> TASK: Although the data below contains pictures, output only the lines between those holding "Sandali zeppa Verde Grunland" and "Black / Black", inclusive, exactly and without those pictures.

*** Opening MATERIAL PROVIDED ***

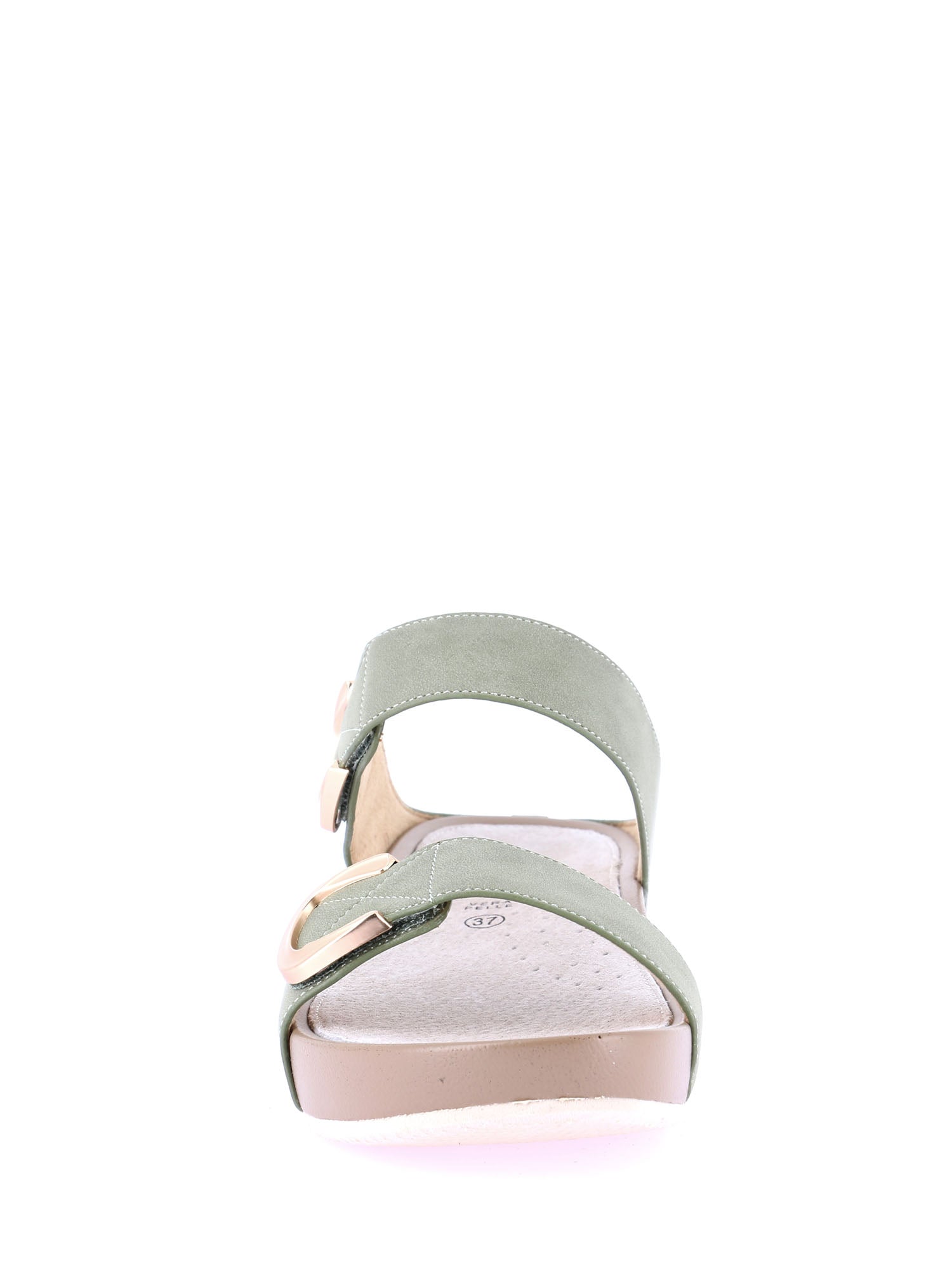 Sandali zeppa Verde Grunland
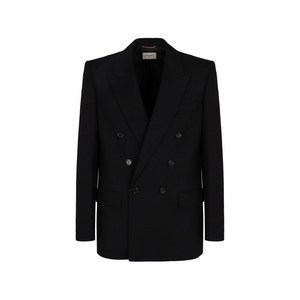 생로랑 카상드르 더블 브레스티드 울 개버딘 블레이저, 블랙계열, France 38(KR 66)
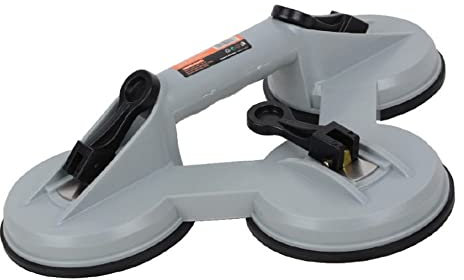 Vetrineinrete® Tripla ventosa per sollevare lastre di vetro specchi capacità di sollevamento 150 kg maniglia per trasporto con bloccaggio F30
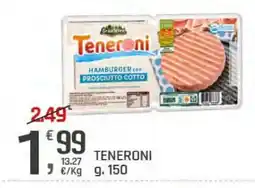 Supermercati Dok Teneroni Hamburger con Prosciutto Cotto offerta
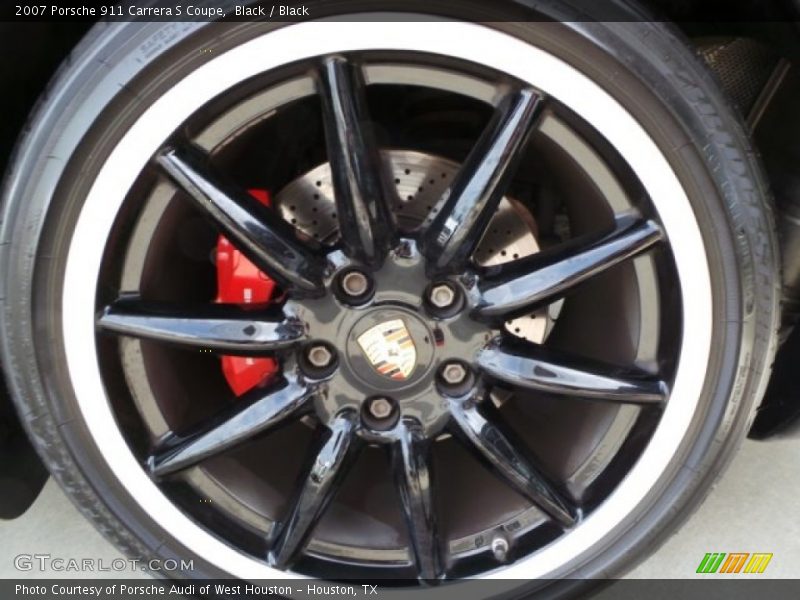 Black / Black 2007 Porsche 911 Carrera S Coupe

*** Closing MATERIAL PROVIDED ***
*** Opening MATERIAL PROVIDED ***

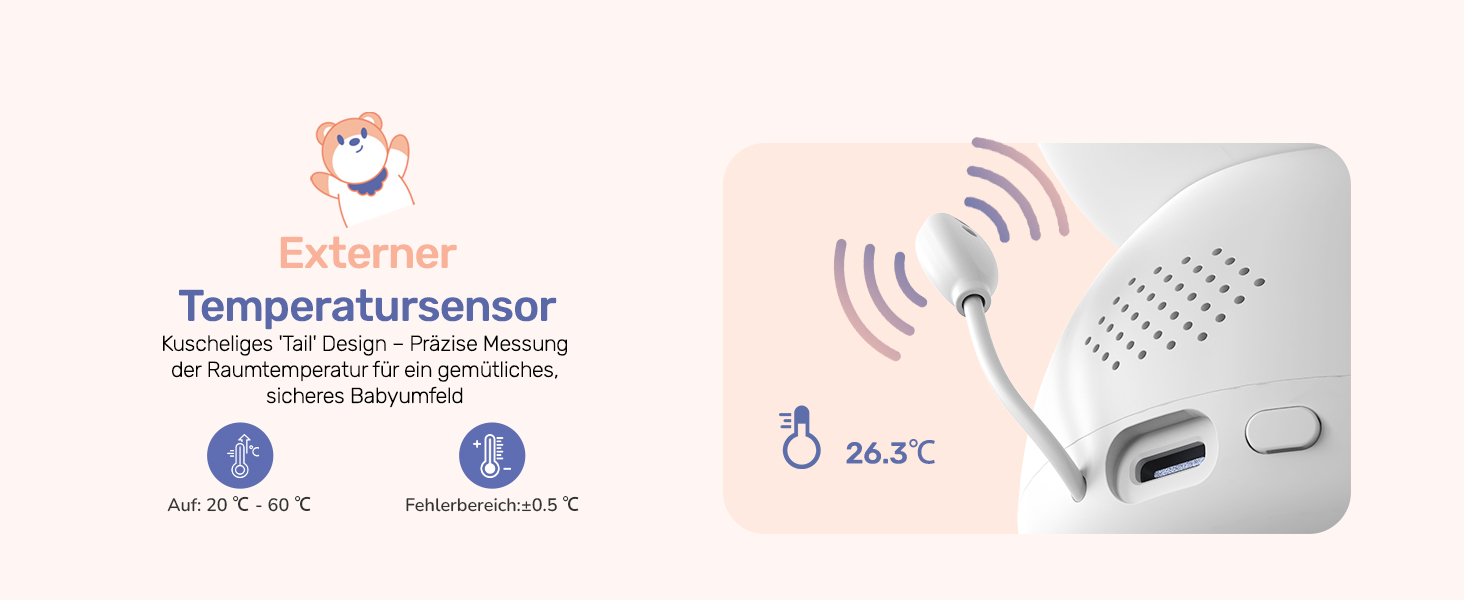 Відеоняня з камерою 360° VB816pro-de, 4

*** Closing MATERIAL PROVIDED ***
*** Opening MATERIAL PROVIDED ***

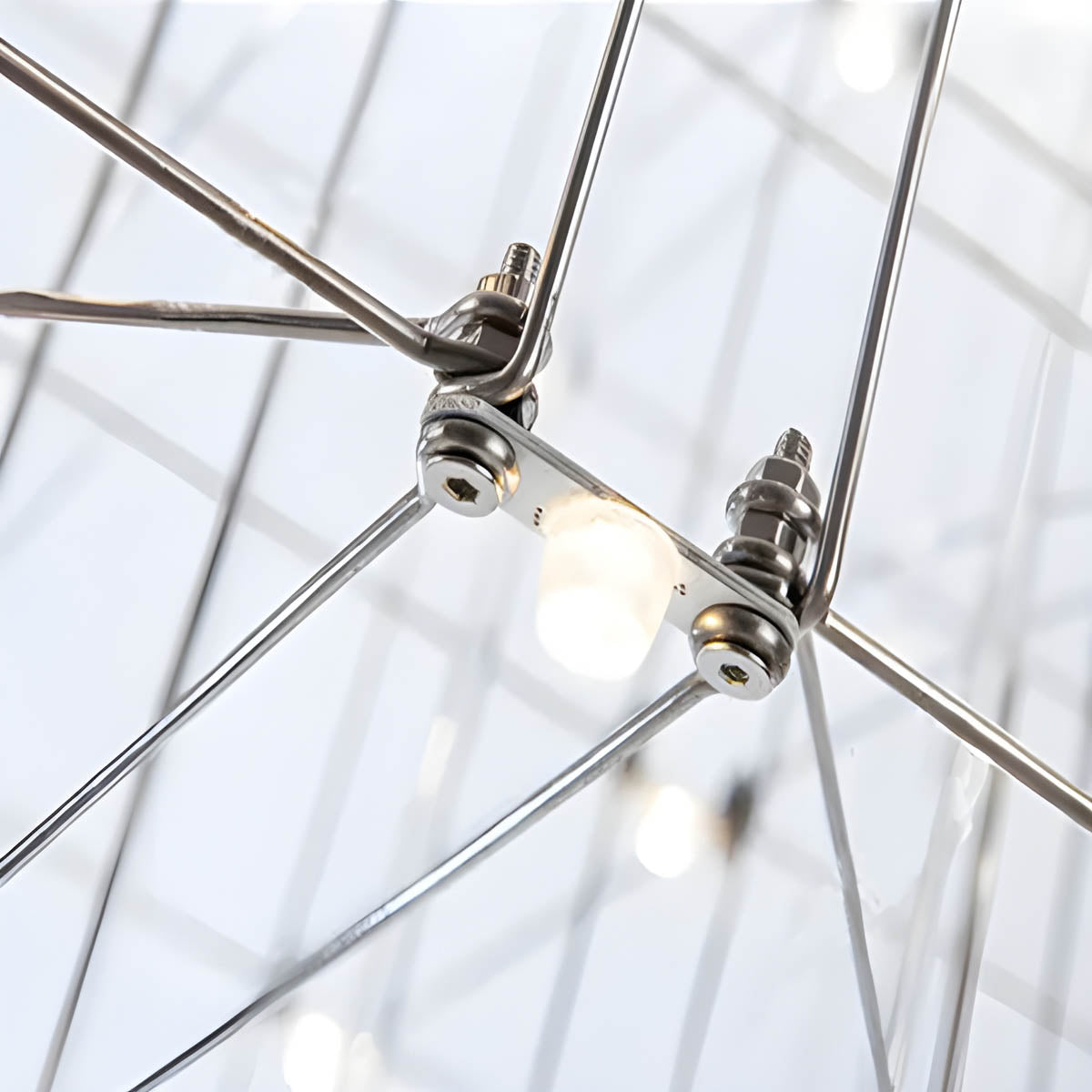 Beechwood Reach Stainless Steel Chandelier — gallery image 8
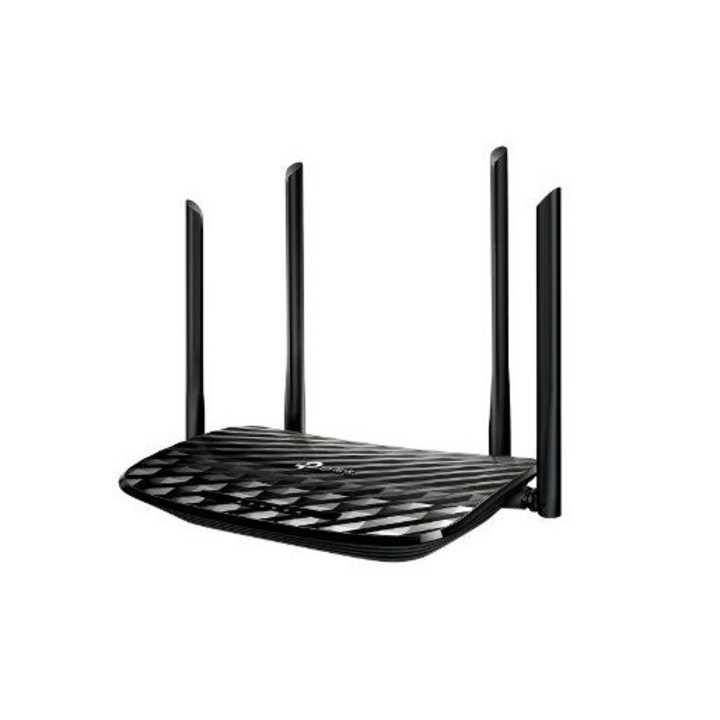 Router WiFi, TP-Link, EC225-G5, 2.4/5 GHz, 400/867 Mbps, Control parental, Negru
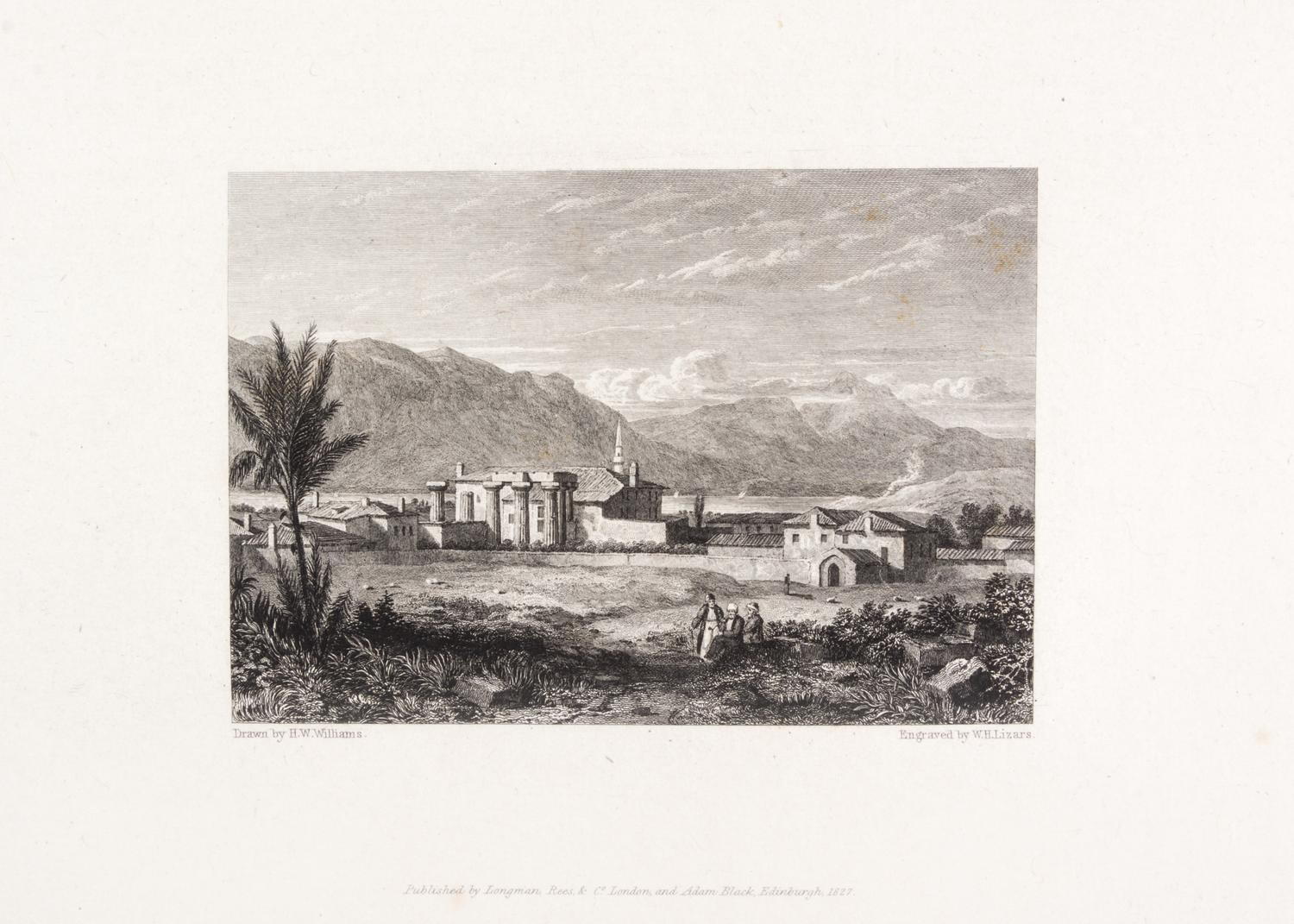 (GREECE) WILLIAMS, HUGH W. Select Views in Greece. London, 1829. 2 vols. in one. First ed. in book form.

*** Closing MATERIAL PROVIDED ***

> WRITTEN ANSWER:
 Sandali zeppa Verde Grunland
 생로랑 카상드르 더블 브레스티드 울 개버딘 블레이저, 블랙계열, France 38(KR 66)
 Vetrineinrete® Tripla ventosa per sollevare lastre di vetro specchi capacità di sollevamento 150 kg maniglia per trasporto con bloccaggio F30
 Supermercati Dok Teneroni Hamburger con Prosciutto Cotto offerta
 Black / Black 2007 Porsche 911 Carrera S Coupe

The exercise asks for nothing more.